* **Provided records**:
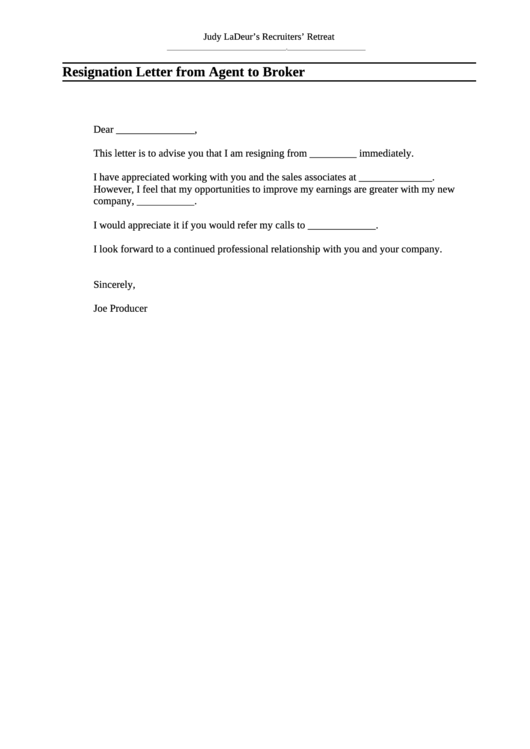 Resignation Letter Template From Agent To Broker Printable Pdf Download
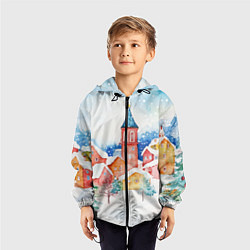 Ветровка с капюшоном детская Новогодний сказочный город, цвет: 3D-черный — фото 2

...

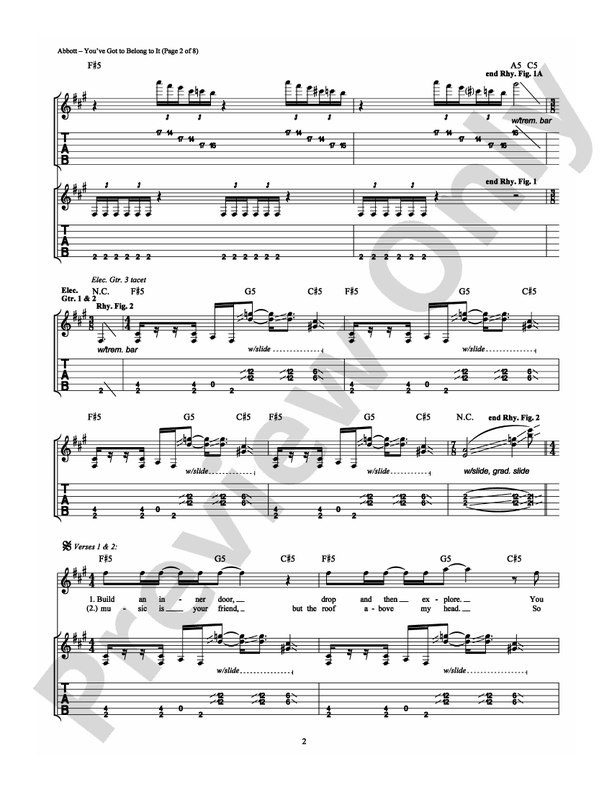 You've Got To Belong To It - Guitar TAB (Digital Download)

* * *

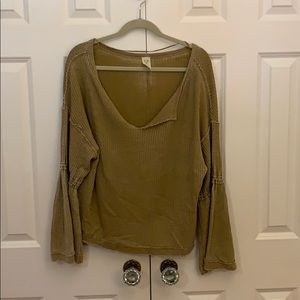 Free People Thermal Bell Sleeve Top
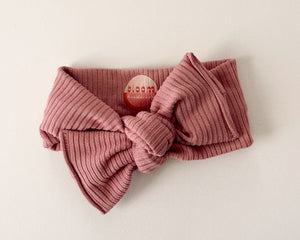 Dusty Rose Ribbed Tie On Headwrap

* **Exercise instructions**: For this exercise, set down the lines in the entries above from the one with "Free People Thermal Bell Sleeve Top" through the one with "Dusty Rose Ribbed Tie On Headwrap" exactly as written, without any pictures.

* **Result of the task**:
 Free People Thermal Bell Sleeve Top
 Dusty Rose Ribbed Tie On Headwrap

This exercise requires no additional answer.